I have 3 month left till the semester is over. I plan to take a break and get back to work until we catch up on bills. DH says he cant wait 3 more months. We've been arguing non stop about stress and money. DH wakes up angry and anything I do makes him mad. Am I wrong to want to keep going to school to better us? I'm tired of his attitude. I want out! Help! Advices!


----------



## 225985 (Dec 29, 2015)

Gwen, what is your immediate financial situation? Are all the billings getting paid? Is your rent/mortgage up to date or are you months behind? Are you racking up high credit card debit?

The answer to these questions will determine whether you stay in school or go back to work.


----------



## Mrs. Rodriguez (Aug 5, 2012)

Agenda
Your posts are pretty ****ish and makes me want to punch you 
Why come on a forum and only criticize people?


----------



## 225985 (Dec 29, 2015)

Mrs. Rodriguez said:


> Agenda
> Your posts are pretty ****ish and makes me want to punch you
> Why come on a forum and only criticize people?


He is a troll and has been posting harshly on many threads all weekend under multiple usernames


----------



## wistful_thinking (Jan 21, 2016)

agenda said:


> My advice is to go to school, get an education and get a good job before you bring kids into the world.
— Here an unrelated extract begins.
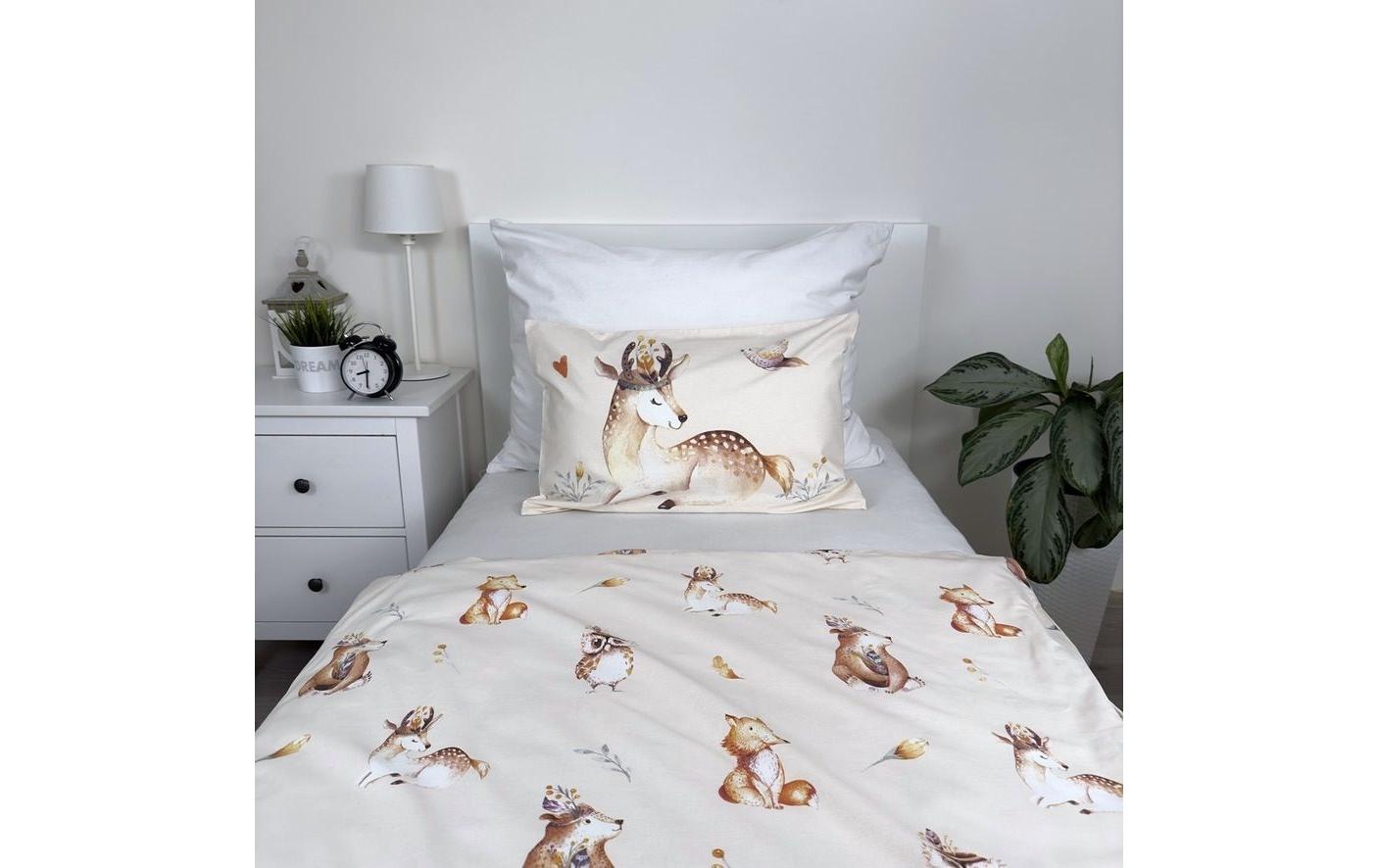 Kinderbettwäsche Woodland 100 x 135 cm + 40 x 60 cmBettwäscheset für ein kleineres Kinderbett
To do it any other way is reckless, irresponsible and is unfair not only to your children but to yourselves.
> 
> In your case it's too late but hopefully someone else will learn from your
> 
> How is this kind and necessary?


----------



## wistful_thinking (Jan 21, 2016)

How much is left until you have that degree? 

He is probably having his own issues 1) guilt 2) loneliness ect and is acting out.


----------



## 225985 (Dec 29, 2015)

wistful_thinking said:


> How is this kind and necessary?


Agenda was a troll and has been banned.


----------



## wistful_thinking (Jan 21, 2016)

blueinbr said:


> wistful_thinking said:
> 
> 
> > How is this kind and necessary?
> ...


----------